Please restate the entries verbatim. The copy should hold no pictures.

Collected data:
════════════════

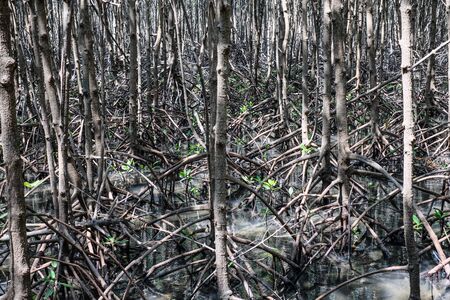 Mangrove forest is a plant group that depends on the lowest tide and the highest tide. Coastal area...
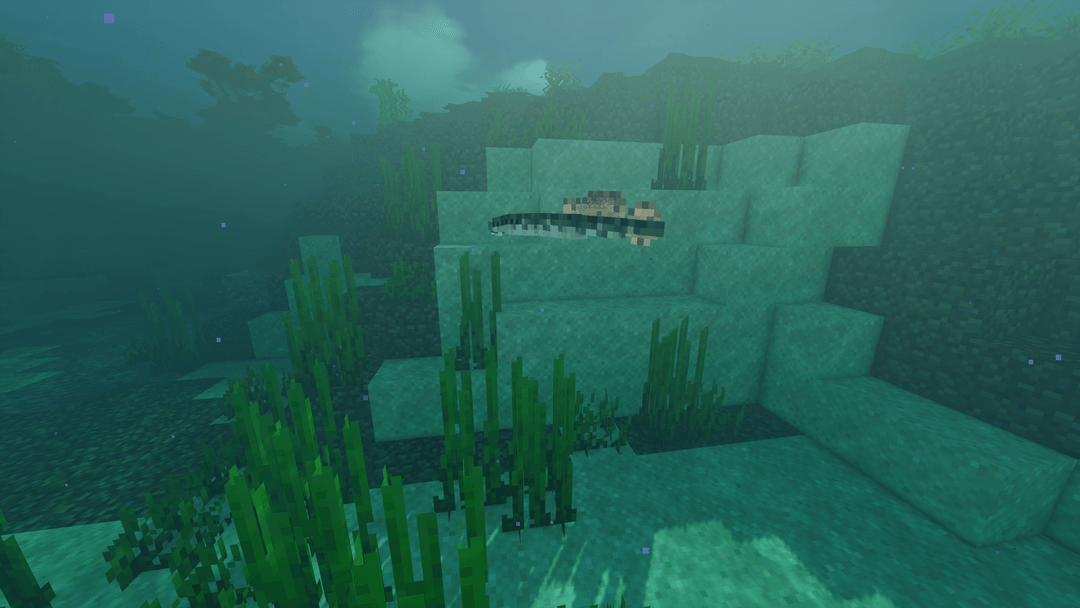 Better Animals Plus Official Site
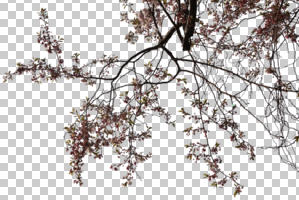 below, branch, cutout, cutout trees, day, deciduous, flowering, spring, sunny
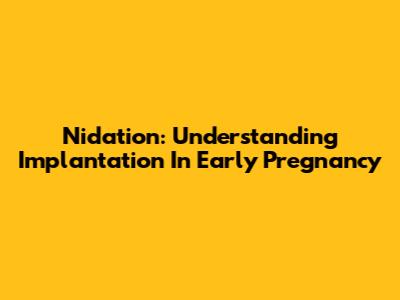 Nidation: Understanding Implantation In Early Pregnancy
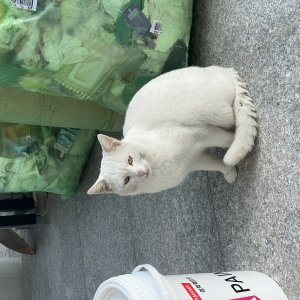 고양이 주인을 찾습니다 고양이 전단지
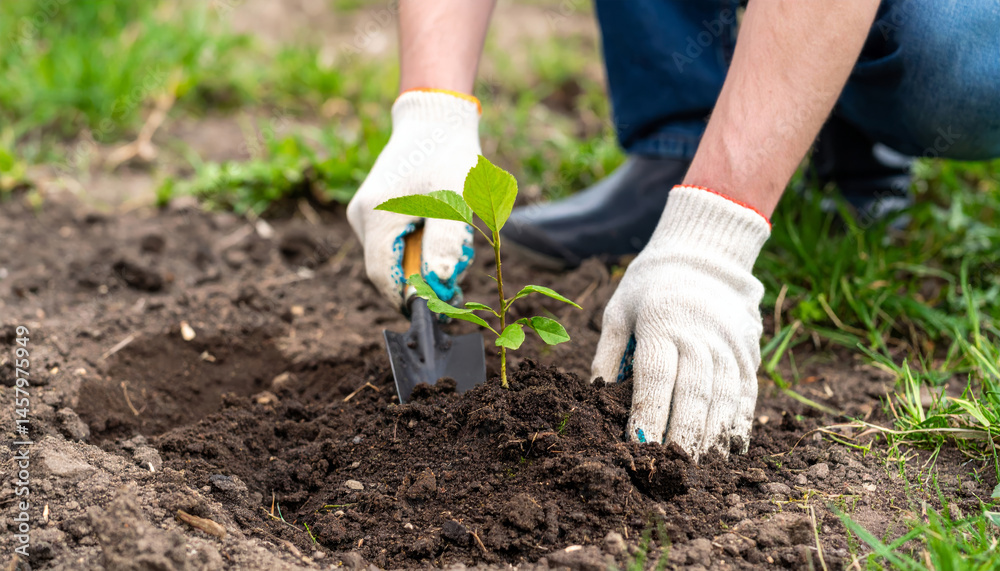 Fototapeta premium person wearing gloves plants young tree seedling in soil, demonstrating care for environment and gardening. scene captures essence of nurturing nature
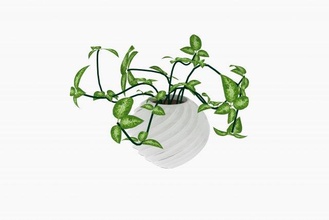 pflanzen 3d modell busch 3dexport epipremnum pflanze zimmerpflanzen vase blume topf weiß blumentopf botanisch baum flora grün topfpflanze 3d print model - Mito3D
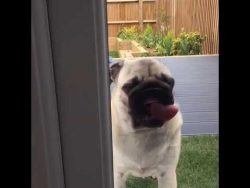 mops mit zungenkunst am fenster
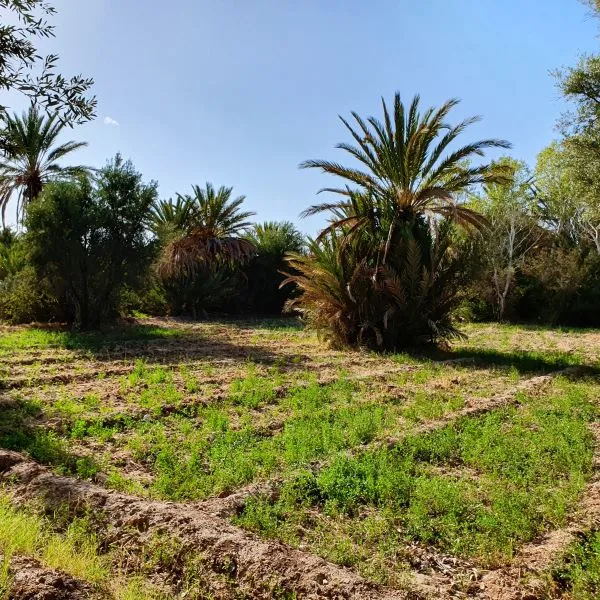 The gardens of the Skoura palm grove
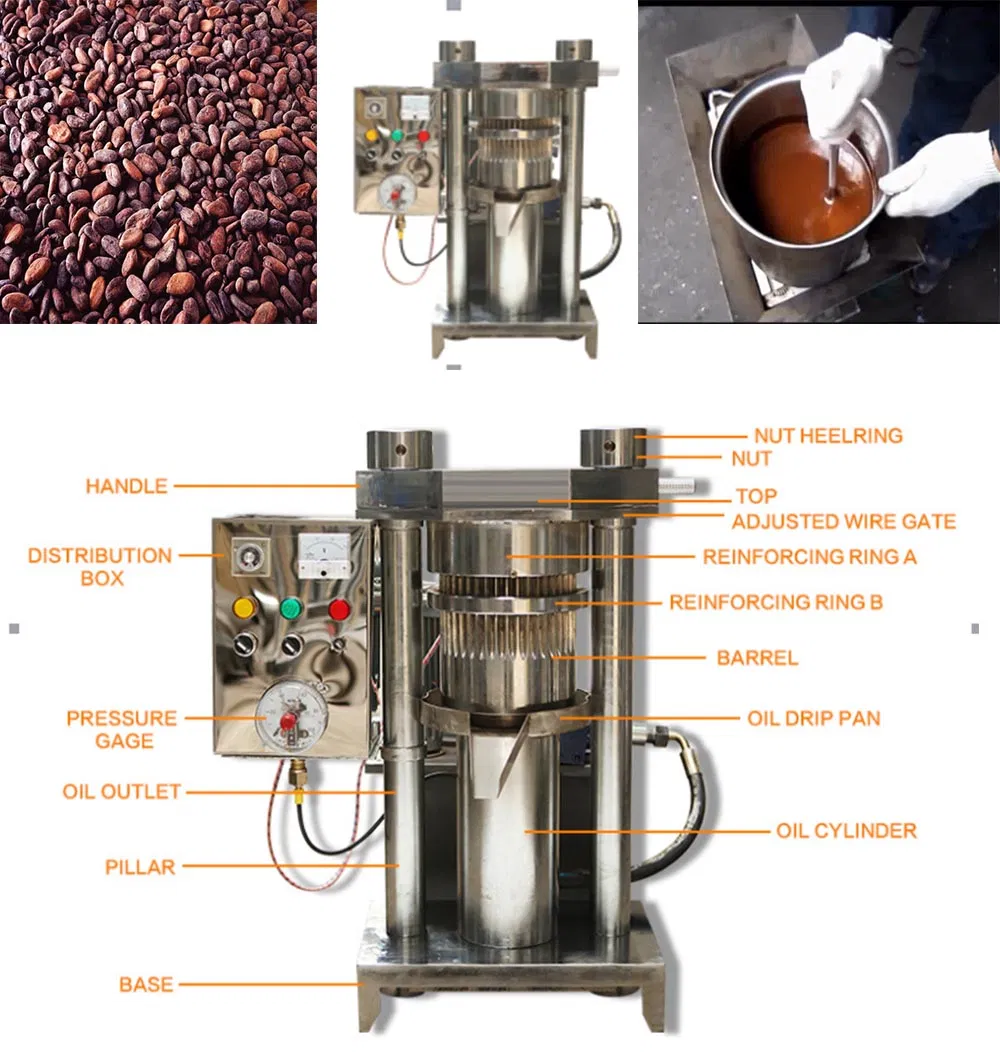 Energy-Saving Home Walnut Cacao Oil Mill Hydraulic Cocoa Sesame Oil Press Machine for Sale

════════════════

» **Output**
 Mangrove forest is a plant group that depends on the lowest tide and the highest tide. Coastal area...
 Better Animals Plus Official Site
 below, branch, cutout, cutout trees, day, deciduous, flowering, spring, sunny
 Nidation: Understanding Implantation In Early Pregnancy
 고양이 주인을 찾습니다 고양이 전단지
 Fototapeta premium person wearing gloves plants young tree seedling in soil, demonstrating care for environment and gardening. scene captures essence of nurturing nature
 pflanzen 3d modell busch 3dexport epipremnum pflanze zimmerpflanzen vase blume topf weiß blumentopf botanisch baum flora grün topfpflanze 3d print model - Mito3D
 mops mit zungenkunst am fenster
 The gardens of the Skoura palm grove
 Energy-Saving Home Walnut Cacao Oil Mill Hydraulic Cocoa Sesame Oil Press Machine for Sale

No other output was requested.